[Records from a data source]
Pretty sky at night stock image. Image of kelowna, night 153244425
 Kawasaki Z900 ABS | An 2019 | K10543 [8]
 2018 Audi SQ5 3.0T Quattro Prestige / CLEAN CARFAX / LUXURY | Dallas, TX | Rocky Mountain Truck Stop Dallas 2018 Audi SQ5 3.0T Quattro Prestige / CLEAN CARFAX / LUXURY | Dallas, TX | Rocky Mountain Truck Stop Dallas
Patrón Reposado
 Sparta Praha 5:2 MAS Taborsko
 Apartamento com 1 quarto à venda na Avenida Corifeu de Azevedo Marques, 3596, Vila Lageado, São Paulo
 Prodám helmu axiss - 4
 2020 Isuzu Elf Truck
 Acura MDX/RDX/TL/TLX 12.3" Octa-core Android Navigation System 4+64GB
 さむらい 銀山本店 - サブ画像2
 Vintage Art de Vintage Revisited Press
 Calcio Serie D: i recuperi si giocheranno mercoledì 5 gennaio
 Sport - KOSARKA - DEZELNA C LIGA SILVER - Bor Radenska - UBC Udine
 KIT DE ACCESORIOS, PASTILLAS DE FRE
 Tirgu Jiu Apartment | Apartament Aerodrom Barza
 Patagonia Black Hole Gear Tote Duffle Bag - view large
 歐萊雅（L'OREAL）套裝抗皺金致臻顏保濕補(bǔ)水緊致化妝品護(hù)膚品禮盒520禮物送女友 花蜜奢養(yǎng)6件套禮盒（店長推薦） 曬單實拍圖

#### TASK DESCRIPTION
Among the lines in the data above, find those containing "Truck" and give only how many there are.

#### RESPONSE
2